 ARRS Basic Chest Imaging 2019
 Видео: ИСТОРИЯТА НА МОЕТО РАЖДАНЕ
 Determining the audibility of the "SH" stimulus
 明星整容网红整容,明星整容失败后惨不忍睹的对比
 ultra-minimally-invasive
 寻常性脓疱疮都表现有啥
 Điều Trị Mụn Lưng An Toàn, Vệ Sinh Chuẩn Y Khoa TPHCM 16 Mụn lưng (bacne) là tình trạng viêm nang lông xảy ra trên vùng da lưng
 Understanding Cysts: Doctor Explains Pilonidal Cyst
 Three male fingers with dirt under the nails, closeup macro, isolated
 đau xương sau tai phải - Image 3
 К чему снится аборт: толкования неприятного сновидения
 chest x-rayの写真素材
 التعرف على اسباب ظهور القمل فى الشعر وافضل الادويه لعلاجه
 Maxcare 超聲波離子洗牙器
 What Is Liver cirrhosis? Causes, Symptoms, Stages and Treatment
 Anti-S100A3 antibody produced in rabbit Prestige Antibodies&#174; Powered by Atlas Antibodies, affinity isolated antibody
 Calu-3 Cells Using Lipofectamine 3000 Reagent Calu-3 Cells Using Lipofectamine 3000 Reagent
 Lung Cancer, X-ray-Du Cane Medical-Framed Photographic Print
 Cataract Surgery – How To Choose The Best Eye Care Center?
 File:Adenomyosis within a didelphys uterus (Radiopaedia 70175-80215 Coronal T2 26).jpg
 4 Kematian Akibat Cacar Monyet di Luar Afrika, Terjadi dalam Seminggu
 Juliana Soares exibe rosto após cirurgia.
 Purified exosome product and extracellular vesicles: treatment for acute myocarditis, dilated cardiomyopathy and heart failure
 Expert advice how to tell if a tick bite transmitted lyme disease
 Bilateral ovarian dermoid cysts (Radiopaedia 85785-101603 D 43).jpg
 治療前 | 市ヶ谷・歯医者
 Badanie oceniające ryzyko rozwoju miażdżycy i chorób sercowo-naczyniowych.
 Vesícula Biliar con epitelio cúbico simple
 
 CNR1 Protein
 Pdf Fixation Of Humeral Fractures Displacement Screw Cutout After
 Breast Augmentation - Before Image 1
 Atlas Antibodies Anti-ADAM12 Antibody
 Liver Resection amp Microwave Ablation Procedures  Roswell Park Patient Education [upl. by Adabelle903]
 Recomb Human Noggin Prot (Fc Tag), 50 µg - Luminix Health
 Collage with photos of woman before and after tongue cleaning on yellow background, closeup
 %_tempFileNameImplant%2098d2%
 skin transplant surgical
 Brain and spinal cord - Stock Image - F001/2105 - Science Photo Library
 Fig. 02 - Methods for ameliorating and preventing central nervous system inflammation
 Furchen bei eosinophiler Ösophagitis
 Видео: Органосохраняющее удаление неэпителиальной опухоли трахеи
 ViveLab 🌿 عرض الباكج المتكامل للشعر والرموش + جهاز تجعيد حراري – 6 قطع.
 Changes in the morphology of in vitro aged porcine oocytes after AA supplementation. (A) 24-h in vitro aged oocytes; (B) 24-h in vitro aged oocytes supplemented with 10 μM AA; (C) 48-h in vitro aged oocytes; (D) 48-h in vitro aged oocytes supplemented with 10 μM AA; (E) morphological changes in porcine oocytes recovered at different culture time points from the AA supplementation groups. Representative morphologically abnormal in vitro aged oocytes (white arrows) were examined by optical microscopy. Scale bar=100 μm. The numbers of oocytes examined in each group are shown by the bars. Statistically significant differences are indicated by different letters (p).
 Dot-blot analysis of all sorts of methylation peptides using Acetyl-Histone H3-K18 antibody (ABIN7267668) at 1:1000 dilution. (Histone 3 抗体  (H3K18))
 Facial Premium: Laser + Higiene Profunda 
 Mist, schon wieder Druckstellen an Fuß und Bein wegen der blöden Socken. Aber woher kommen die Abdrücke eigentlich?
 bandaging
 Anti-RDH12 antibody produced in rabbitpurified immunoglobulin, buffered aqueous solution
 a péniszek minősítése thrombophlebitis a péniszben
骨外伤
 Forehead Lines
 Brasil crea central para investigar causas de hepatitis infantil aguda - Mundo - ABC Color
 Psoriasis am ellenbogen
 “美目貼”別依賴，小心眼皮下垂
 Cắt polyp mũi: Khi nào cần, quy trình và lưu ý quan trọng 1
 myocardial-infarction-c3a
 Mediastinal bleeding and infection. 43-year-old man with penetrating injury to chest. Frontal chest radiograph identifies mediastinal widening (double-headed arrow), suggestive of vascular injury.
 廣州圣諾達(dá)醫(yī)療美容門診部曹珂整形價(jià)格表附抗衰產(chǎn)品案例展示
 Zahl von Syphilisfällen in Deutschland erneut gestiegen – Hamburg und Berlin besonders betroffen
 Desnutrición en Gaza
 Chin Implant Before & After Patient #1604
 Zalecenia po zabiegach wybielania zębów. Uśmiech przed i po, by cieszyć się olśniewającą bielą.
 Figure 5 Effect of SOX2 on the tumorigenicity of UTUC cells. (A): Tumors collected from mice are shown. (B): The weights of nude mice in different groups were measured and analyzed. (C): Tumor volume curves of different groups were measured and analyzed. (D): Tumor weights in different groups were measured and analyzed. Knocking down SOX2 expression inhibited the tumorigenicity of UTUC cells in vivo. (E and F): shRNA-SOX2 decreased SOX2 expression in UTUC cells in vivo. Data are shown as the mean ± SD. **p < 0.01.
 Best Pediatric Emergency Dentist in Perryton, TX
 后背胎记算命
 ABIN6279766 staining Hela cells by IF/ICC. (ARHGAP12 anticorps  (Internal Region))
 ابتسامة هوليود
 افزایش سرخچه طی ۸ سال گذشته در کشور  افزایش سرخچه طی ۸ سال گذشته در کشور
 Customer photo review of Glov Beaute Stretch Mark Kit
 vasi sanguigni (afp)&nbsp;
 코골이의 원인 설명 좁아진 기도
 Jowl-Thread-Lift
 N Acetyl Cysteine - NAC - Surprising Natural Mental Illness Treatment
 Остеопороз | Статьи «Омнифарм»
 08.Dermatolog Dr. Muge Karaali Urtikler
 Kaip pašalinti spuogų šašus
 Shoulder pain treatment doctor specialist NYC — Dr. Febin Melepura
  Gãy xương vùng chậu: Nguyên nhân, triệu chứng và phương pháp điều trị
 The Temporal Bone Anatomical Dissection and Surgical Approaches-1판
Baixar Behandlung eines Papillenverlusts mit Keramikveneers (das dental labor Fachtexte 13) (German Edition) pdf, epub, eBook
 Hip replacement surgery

- ABOUT THIS EXERCISE -
The expected output is every line of the records in which the string "central" appears.

- WORKED SOLUTION -
 Fig. 02 - Methods for ameliorating and preventing central nervous system inflammation
 Brasil crea central para investigar causas de hepatitis infantil aguda - Mundo - ABC Color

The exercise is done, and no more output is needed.